> Assignment:
All of the entries below should be printed exactly; the pictures are to be left out.

○ ○ ○ ○ ○ ○ ○

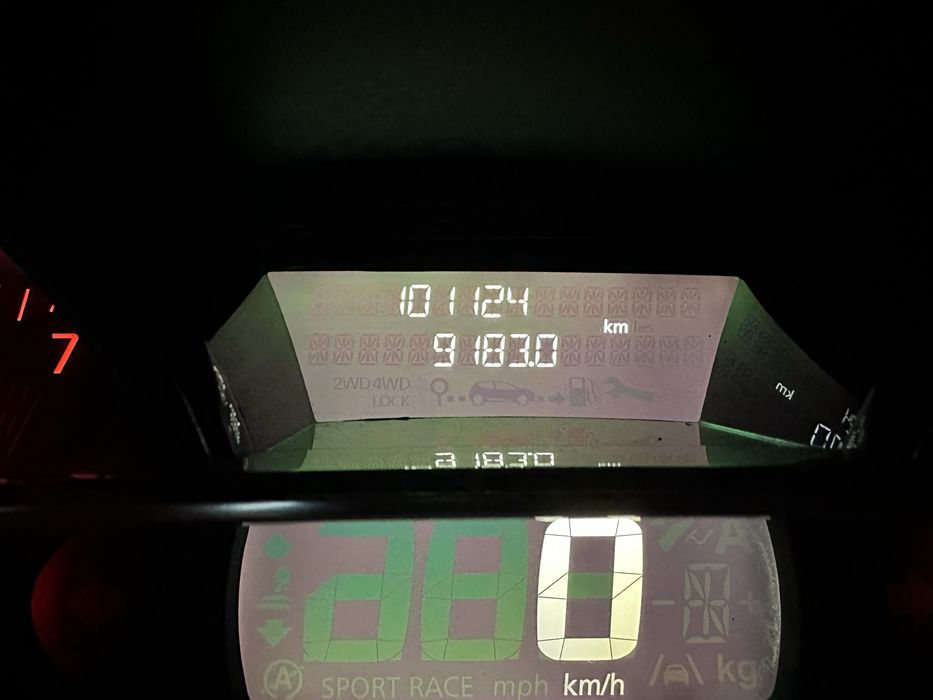URGRNT Taxi cu un singur loc (licenta) 2019 motor 0.9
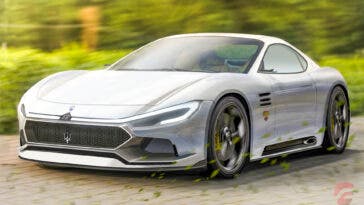 Maserati FRoma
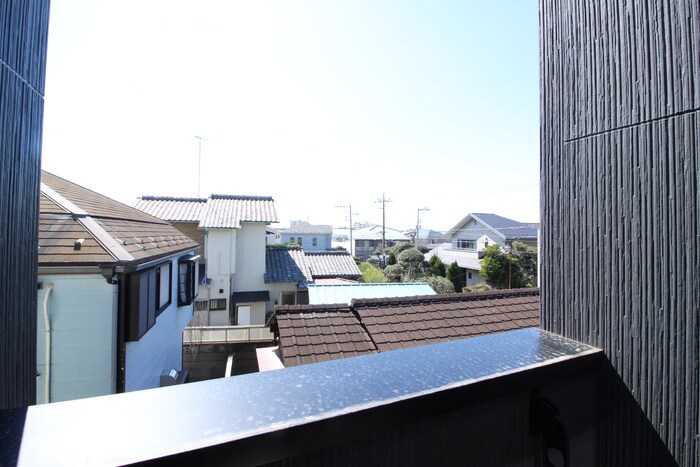 物件内観写真13　(ベランダ・バルコニー)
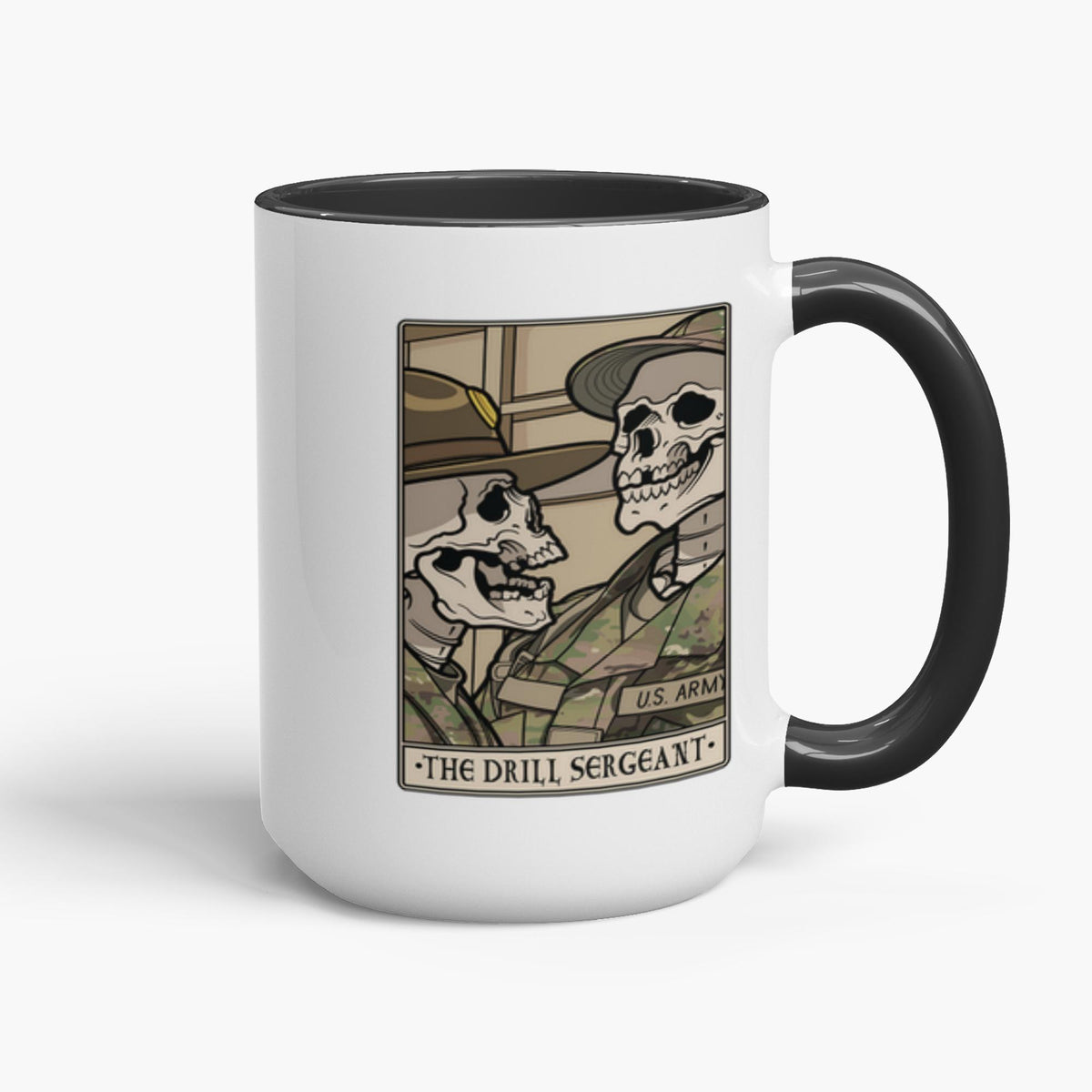 Drill Sergeant Mug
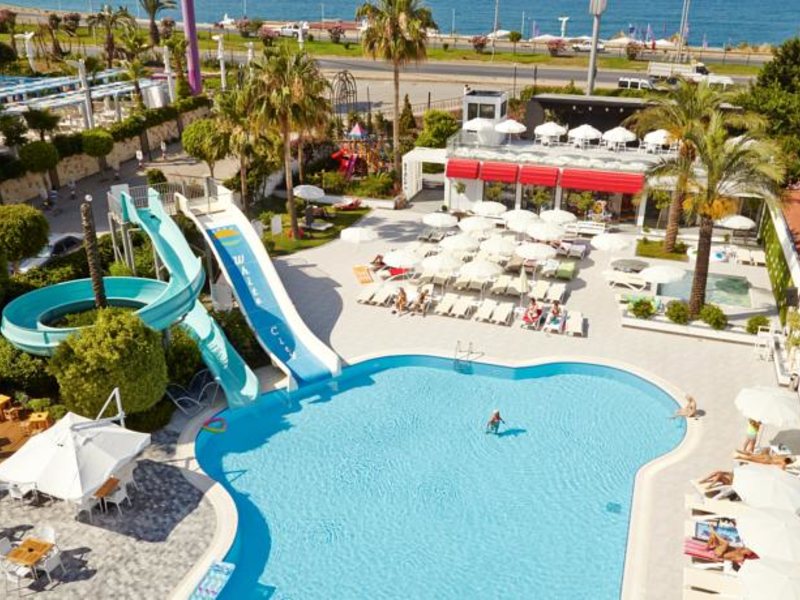 White City Beach Hotel 105702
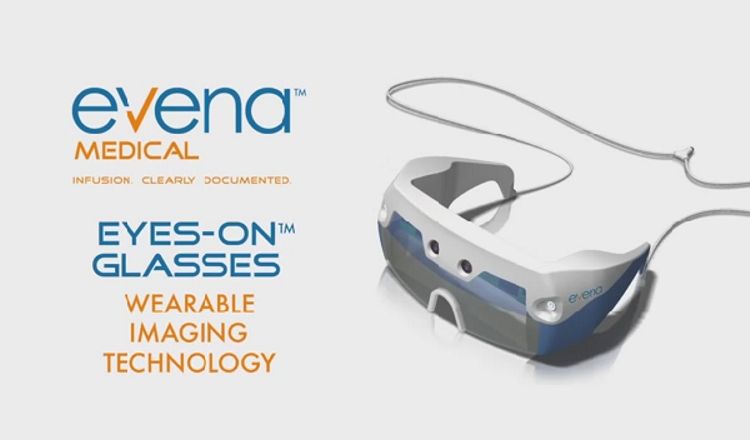 Viitorul in medicina: smart glasses pentru vizualizarea vaselor sanguine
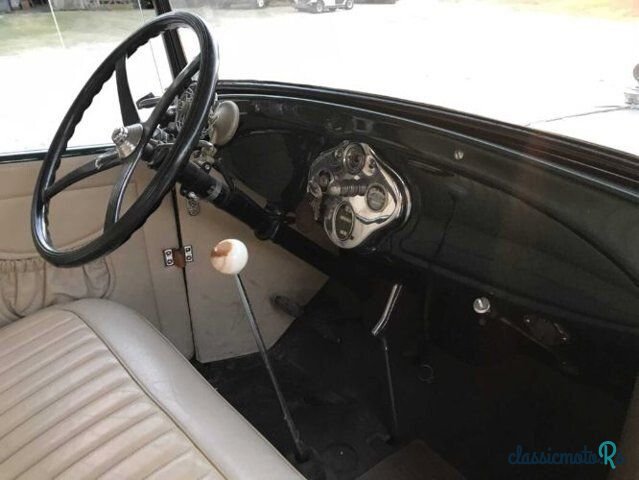 1928' Ford Model A photo #4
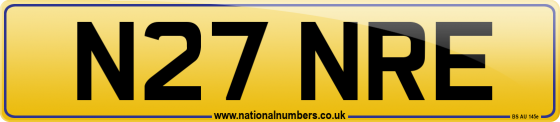 N27 NRE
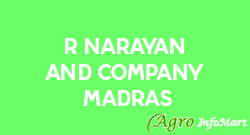R Narayan And Company (madras) chennai india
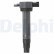Bobina GN10519-12B1 Delphi, Miniatura 7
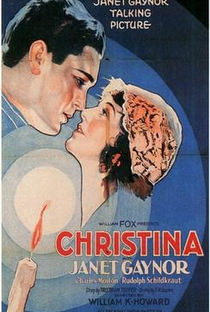 Christina - Poster / Capa / Cartaz - Oficial 1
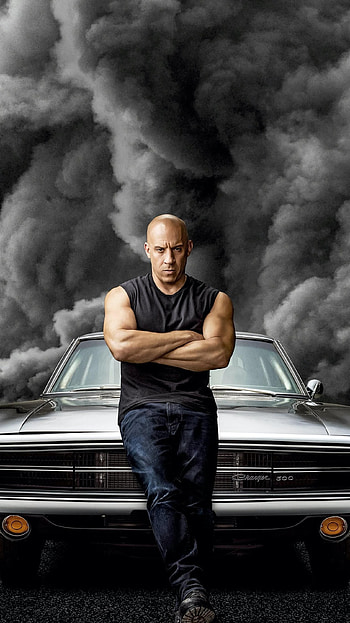 Dominic Toretto, The Fast and the Furious HD phone wallpaper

○ ○ ○ ○ ○ ○ ○

> Written response:
URGRNT Taxi cu un singur loc (licenta) 2019 motor 0.9
 Maserati FRoma
 物件内観写真13　(ベランダ・バルコニー)
 Drill Sergeant Mug
 White City Beach Hotel 105702
 Viitorul in medicina: smart glasses pentru vizualizarea vaselor sanguine
 1928' Ford Model A photo #4
 N27 NRE
R Narayan And Company (madras) chennai india
Bobina GN10519-12B1 Delphi, Miniatura 7
 Christina - Poster / Capa / Cartaz - Oficial 1
 Dominic Toretto, The Fast and the Furious HD phone wallpaper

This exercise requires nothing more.